──────── RECORDS FOR THE TASK
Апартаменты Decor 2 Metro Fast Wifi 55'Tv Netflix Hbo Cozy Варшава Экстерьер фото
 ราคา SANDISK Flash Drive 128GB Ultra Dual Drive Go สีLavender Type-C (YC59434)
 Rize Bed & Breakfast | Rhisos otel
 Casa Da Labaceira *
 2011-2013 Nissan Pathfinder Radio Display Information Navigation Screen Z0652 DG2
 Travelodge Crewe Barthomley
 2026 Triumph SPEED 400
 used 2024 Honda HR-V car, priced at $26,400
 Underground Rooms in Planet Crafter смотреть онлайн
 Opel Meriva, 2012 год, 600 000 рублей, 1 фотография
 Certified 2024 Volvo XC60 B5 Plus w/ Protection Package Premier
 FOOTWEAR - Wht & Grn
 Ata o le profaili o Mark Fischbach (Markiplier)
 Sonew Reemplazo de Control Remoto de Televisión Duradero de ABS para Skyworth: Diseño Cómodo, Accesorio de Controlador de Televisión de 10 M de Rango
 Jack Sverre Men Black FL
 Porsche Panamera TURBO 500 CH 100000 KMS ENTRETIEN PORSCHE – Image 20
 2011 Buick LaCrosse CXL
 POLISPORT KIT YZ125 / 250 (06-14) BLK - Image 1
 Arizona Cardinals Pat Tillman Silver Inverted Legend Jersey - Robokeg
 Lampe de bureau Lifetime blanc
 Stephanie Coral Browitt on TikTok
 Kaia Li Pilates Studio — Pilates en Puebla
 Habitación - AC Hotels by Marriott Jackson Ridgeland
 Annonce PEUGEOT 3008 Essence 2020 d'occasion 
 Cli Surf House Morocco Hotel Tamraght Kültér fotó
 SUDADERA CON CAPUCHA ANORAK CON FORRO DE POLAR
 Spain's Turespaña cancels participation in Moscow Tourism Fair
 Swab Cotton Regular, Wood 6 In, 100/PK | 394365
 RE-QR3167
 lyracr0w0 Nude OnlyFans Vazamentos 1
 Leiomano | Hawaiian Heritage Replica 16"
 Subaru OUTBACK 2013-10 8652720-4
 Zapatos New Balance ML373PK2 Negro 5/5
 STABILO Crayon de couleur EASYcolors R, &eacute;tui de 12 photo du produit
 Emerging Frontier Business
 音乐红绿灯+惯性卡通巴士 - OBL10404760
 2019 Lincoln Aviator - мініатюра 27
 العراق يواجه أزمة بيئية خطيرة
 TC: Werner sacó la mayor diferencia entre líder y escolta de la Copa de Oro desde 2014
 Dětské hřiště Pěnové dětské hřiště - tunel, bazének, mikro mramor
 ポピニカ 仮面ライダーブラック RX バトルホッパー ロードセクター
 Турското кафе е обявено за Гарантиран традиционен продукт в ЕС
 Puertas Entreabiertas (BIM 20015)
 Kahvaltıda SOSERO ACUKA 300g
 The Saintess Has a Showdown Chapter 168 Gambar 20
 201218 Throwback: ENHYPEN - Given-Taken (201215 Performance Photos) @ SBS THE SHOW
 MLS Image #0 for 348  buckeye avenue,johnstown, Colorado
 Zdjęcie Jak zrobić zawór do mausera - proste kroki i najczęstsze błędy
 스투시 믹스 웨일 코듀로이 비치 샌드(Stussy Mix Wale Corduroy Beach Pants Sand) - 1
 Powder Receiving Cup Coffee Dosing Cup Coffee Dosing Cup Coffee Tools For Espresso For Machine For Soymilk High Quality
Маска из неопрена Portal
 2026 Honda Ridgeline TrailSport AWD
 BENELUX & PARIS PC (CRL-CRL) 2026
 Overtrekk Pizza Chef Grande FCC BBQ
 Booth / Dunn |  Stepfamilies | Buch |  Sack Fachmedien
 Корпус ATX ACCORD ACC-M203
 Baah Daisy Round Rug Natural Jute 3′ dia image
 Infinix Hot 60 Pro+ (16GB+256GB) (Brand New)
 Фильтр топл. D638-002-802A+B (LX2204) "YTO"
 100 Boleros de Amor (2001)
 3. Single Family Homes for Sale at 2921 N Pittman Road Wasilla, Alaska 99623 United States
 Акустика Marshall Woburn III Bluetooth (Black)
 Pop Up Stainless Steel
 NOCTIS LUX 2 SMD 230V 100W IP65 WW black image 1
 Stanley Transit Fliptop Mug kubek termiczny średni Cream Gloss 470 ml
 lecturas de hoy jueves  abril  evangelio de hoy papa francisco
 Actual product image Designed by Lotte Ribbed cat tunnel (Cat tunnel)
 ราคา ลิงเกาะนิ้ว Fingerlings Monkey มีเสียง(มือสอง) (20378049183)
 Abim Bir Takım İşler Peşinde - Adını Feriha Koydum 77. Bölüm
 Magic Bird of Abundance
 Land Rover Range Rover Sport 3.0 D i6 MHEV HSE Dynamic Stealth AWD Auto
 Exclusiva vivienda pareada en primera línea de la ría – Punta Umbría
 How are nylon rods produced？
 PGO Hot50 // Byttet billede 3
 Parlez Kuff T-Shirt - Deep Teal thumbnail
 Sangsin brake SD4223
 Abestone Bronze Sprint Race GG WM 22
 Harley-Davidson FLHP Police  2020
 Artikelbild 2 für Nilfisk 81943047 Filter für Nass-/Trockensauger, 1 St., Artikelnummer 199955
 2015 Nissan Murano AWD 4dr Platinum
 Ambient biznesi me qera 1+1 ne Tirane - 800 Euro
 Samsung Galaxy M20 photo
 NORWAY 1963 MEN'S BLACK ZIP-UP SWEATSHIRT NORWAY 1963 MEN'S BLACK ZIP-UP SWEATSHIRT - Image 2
────────────────
TASK DETAILS.
Take from the material every line that holds "Nissan".

SOLUTION TO THIS TASK.
 2011-2013 Nissan Pathfinder Radio Display Information Navigation Screen Z0652 DG2
 2015 Nissan Murano AWD 4dr Platinum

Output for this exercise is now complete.